» **MATERIAL FOR THIS TASK**:
+===+

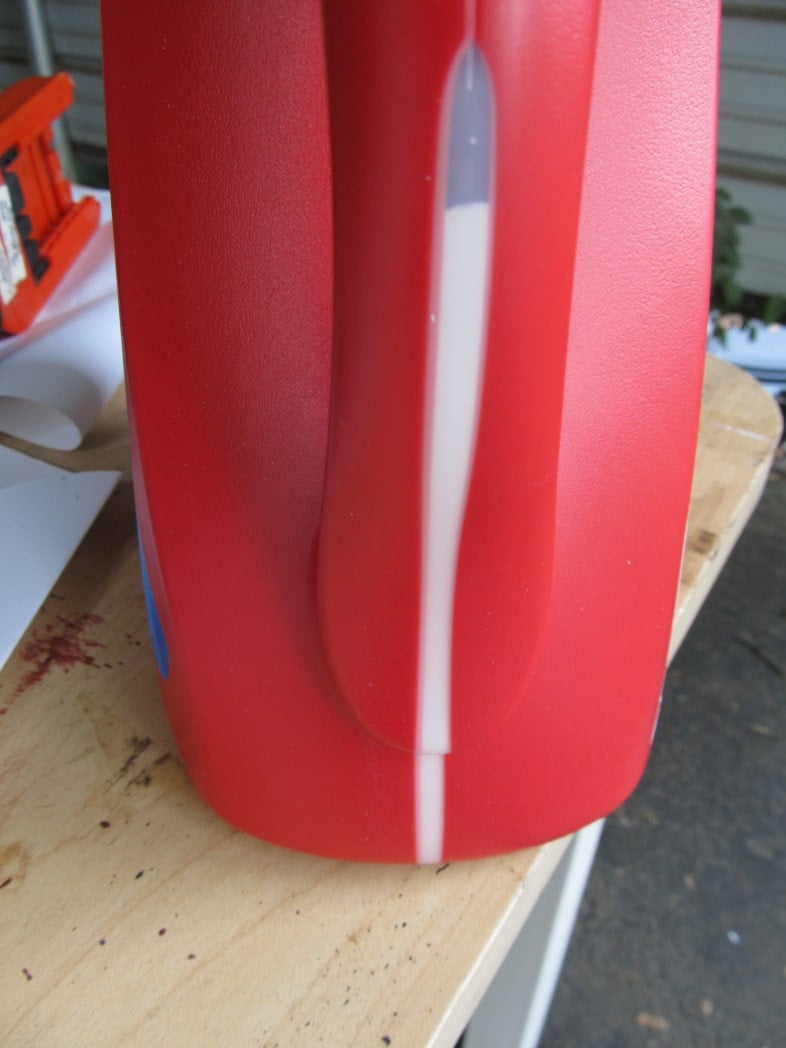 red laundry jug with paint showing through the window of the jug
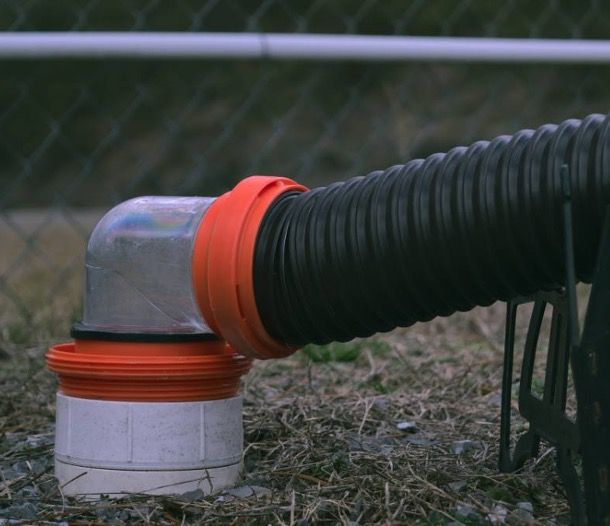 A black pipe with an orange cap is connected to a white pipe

+===+

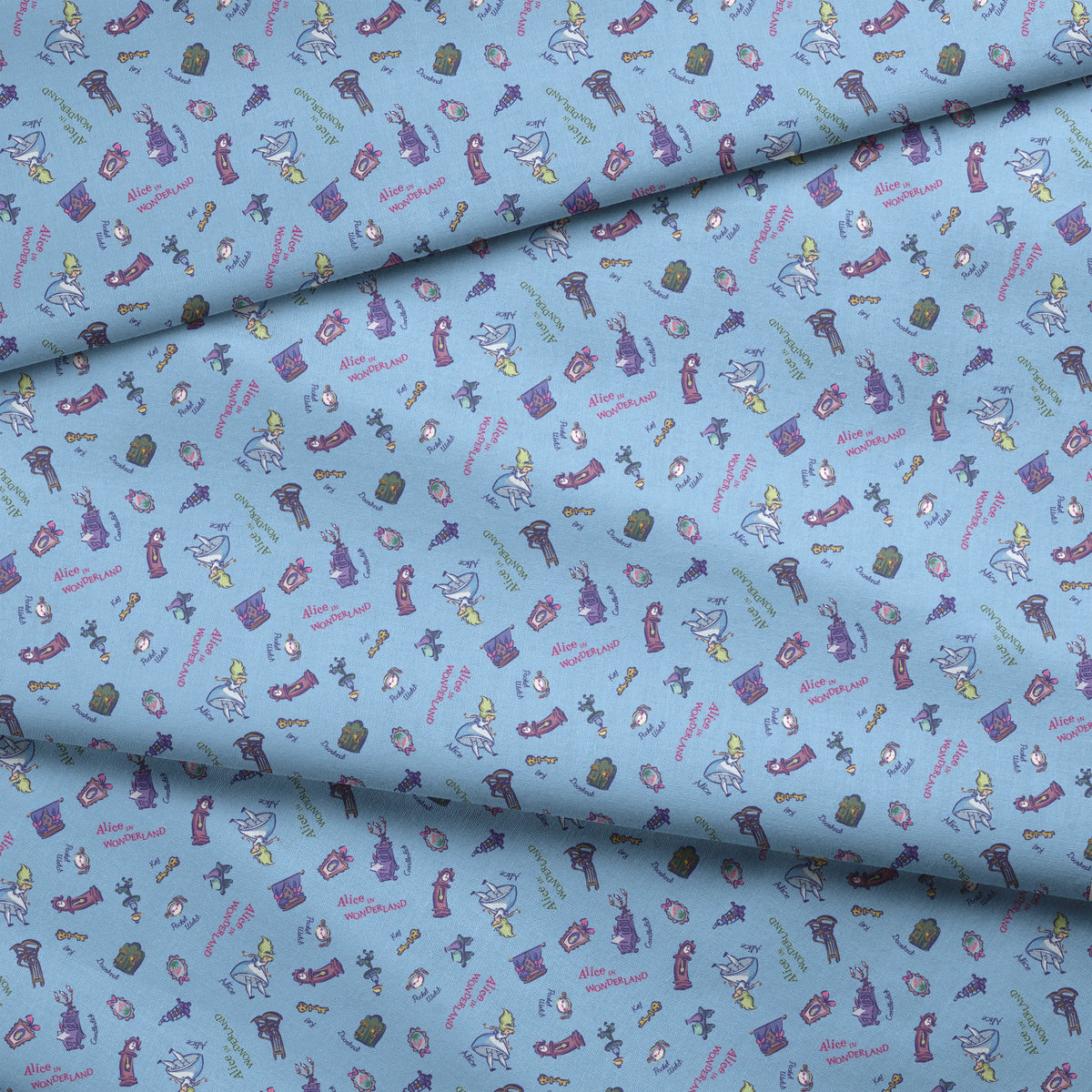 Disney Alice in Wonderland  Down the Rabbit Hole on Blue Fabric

+===+

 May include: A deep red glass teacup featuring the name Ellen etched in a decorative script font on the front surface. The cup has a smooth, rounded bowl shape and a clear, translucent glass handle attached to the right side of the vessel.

+===+

» **WHAT YOU SHOULD DO**:
Return word for word the lines of the listing above, starting at the line with "red laundry jug" and ending at the line with "A black pipe", both included. Pictures do not belong in the copy.

» **SOLUTION**:
 red laundry jug with paint showing through the window of the jug
 A black pipe with an orange cap is connected to a white pipe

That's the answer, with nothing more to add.